_What to produce_: Pictures stay out of the copy. Transcribe exactly the lines from the line with "In this playlist, we're" through the final line of the records.

_Dataset_:
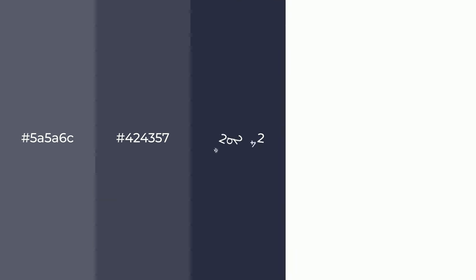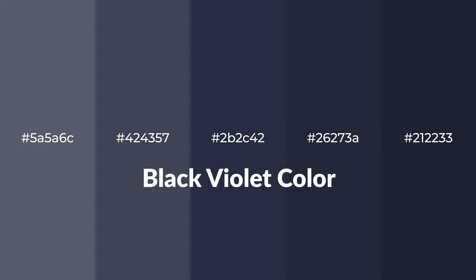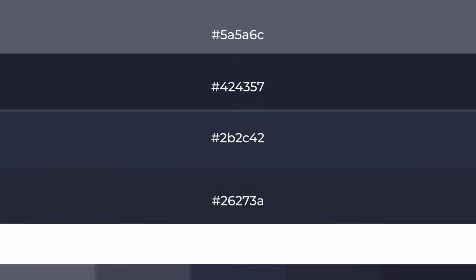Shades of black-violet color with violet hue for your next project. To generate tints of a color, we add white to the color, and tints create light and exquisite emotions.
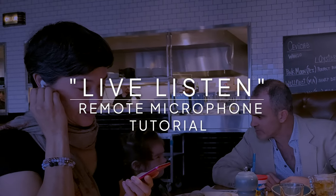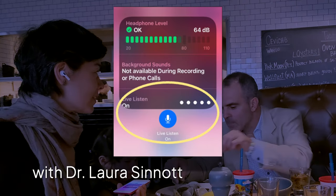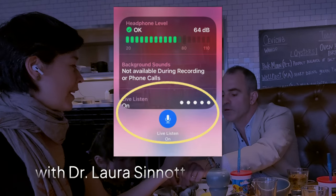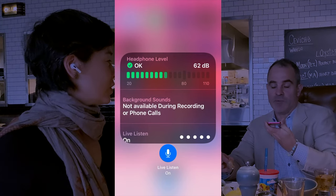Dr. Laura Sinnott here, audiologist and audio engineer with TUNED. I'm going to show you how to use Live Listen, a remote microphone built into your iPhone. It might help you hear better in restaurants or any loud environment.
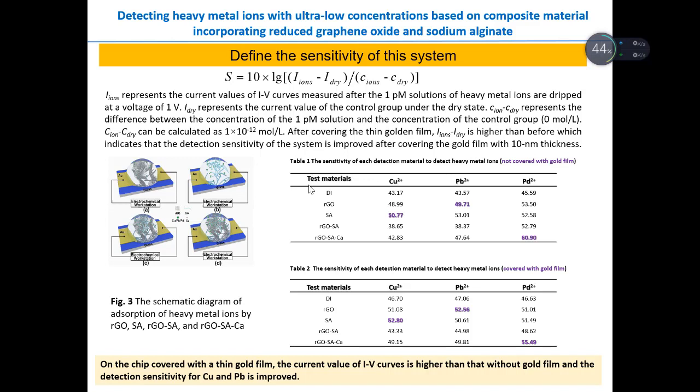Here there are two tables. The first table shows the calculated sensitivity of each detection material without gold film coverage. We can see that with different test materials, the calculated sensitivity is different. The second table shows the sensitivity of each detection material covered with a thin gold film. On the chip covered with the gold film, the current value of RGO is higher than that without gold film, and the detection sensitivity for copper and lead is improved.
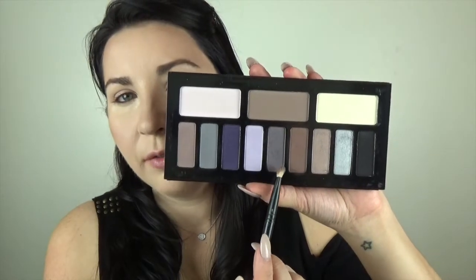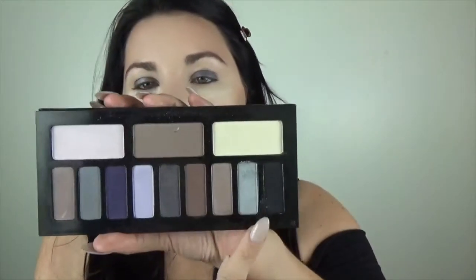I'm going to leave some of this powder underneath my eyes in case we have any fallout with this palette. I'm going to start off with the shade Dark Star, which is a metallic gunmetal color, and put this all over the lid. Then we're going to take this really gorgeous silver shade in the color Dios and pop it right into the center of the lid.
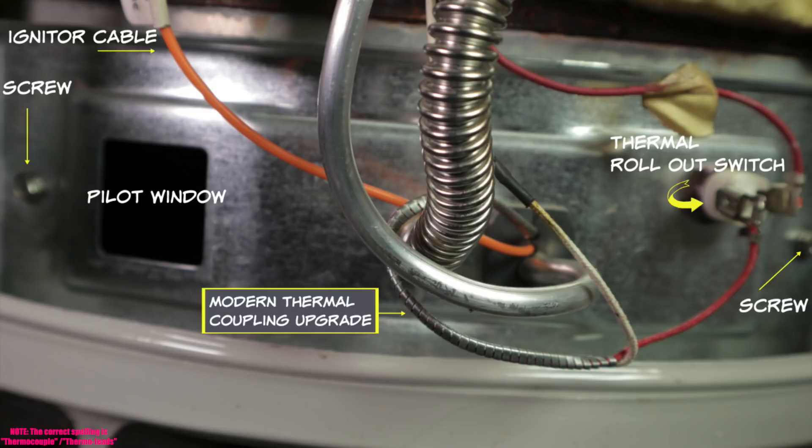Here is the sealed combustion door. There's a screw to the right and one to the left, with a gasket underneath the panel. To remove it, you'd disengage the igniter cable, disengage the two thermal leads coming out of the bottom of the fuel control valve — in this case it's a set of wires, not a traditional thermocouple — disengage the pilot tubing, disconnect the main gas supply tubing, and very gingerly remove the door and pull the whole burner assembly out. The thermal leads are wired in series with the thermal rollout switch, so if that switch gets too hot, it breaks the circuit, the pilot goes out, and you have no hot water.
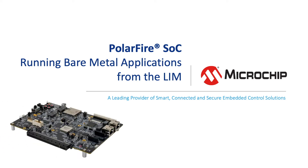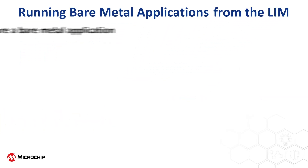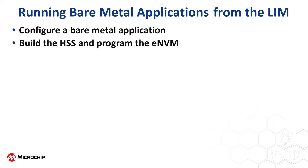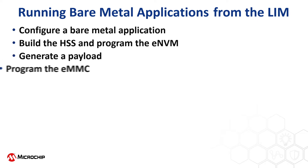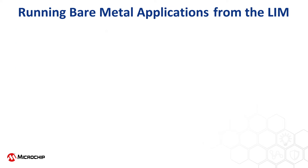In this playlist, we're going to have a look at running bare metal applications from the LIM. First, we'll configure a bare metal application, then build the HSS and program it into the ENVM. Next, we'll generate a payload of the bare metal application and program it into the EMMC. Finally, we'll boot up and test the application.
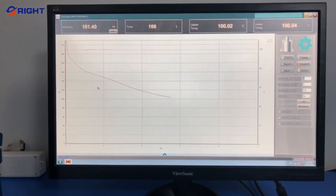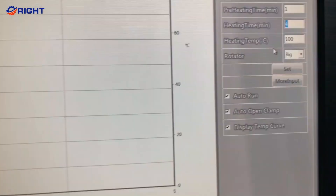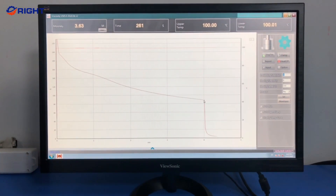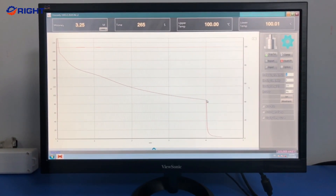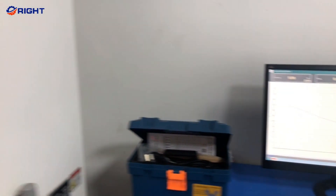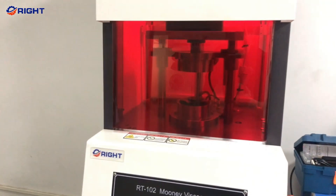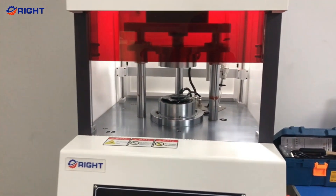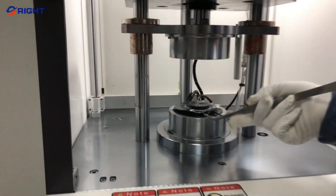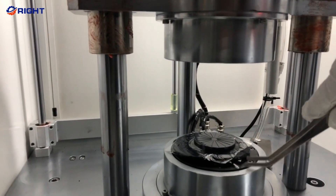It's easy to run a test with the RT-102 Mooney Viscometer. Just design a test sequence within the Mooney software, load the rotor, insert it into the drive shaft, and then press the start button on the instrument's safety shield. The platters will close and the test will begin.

_Task solution_:
In this playlist, we're going to have a look at running bare metal applications from the LIM. First, we'll configure a bare metal application, then build the HSS and program it into the ENVM. Next, we'll generate a payload of the bare metal application and program it into the EMMC. Finally, we'll boot up and test the application.
It's easy to run a test with the RT-102 Mooney Viscometer. Just design a test sequence within the Mooney software, load the rotor, insert it into the drive shaft, and then press the start button on the instrument's safety shield. The platters will close and the test will begin.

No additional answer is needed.